## Dataset records
[Start of Attachment]

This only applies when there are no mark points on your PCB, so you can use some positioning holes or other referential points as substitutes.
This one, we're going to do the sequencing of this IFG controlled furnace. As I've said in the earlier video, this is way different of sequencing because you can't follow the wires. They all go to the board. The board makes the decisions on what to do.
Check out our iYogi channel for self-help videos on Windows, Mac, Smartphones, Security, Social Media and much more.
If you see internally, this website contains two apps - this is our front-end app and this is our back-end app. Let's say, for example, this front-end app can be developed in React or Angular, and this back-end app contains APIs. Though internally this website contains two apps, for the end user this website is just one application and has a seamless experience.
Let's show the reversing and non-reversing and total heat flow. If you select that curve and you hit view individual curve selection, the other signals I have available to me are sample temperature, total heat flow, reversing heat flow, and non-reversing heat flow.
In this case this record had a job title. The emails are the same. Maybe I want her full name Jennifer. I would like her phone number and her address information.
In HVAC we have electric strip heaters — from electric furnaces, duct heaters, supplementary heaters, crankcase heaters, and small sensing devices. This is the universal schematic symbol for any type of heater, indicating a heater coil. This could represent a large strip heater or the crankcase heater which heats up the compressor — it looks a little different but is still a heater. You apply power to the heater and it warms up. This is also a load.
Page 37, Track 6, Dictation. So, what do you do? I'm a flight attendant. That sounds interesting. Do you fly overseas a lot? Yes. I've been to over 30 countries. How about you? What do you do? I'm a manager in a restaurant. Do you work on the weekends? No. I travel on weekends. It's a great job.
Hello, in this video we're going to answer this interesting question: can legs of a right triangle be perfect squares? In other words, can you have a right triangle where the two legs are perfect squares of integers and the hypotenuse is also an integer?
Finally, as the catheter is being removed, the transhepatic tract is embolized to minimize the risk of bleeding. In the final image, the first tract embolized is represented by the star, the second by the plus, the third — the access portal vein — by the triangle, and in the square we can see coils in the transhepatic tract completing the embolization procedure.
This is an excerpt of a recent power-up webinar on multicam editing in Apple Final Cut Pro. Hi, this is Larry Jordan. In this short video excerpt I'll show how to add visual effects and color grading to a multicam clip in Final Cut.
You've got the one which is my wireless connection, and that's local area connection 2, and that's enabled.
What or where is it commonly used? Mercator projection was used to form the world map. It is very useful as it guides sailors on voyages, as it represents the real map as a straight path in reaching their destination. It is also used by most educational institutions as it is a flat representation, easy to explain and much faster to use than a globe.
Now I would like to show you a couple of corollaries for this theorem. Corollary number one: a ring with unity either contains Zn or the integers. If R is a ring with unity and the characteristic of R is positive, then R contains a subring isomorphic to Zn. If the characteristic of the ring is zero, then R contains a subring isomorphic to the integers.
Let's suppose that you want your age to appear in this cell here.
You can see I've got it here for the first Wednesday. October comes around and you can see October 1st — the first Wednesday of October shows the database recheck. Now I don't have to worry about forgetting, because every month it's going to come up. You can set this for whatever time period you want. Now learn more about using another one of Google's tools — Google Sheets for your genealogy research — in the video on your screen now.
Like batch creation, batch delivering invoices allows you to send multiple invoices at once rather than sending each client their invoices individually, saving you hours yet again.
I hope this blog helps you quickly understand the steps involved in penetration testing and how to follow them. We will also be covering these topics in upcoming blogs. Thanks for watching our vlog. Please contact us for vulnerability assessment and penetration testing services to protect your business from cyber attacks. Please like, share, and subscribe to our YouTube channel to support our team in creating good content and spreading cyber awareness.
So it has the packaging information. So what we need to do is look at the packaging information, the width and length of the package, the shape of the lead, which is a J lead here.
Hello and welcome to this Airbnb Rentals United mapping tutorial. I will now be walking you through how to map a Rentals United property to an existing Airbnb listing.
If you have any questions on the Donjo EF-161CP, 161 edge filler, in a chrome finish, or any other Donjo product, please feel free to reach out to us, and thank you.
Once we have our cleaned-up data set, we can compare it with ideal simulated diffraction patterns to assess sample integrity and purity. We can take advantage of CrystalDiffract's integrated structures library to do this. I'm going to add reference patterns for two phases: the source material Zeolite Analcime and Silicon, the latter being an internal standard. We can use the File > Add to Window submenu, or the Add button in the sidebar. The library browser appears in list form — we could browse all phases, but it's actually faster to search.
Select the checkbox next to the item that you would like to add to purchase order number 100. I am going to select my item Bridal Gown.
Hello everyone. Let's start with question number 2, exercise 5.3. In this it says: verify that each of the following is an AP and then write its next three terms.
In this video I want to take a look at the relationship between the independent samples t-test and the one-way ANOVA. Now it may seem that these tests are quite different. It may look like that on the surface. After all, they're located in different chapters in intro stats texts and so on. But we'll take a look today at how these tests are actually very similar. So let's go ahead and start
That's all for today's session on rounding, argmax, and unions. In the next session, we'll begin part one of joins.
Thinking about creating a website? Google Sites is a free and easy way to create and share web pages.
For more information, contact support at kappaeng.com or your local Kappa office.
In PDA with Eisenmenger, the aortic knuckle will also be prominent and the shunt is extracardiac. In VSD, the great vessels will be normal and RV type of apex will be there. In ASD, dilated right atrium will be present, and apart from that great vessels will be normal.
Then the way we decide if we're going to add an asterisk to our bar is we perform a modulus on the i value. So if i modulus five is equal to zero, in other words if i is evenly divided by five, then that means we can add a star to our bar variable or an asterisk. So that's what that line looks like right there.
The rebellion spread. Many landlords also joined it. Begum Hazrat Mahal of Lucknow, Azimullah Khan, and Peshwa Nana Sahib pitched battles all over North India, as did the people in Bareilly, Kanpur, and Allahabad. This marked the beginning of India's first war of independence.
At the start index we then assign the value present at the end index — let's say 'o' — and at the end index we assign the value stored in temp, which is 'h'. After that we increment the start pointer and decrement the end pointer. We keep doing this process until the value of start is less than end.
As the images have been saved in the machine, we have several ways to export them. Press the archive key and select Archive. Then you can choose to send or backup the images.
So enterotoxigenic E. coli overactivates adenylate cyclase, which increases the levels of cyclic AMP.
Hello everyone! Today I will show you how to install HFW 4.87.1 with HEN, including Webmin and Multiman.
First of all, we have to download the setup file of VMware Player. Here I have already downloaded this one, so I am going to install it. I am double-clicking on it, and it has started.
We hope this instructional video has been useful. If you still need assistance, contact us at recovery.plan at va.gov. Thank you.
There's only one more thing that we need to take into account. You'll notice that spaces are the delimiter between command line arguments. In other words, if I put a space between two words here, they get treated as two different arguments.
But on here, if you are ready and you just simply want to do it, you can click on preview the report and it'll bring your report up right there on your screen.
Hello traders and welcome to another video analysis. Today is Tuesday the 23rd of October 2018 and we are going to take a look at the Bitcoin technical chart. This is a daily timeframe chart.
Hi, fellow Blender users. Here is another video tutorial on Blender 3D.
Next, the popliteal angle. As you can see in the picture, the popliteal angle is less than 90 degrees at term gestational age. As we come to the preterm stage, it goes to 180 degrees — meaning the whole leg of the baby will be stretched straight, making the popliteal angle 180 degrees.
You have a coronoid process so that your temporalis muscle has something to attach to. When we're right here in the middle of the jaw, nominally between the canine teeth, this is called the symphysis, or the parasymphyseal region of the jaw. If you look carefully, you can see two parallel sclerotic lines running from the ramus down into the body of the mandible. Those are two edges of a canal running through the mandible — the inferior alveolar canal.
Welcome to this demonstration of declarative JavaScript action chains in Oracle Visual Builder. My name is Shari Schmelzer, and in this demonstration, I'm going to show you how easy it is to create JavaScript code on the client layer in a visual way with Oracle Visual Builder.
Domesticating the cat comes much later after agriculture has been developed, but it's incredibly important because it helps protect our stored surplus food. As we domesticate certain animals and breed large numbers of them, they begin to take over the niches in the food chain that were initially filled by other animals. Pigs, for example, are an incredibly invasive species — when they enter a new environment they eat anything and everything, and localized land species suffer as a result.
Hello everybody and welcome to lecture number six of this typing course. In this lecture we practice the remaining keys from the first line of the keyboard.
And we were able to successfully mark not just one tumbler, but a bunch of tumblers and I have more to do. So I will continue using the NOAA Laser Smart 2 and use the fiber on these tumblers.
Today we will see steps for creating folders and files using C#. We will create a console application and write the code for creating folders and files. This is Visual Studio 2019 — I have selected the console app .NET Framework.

[End of Attachment]

## Exercise details
Reproduce word for word only the first line of the listing above and each line after it through the line with "Check out our".

## Written response
This only applies when there are no mark points on your PCB, so you can use some positioning holes or other referential points as substitutes.
This one, we're going to do the sequencing of this IFG controlled furnace. As I've said in the earlier video, this is way different of sequencing because you can't follow the wires. They all go to the board. The board makes the decisions on what to do.
Check out our iYogi channel for self-help videos on Windows, Mac, Smartphones, Security, Social Media and much more.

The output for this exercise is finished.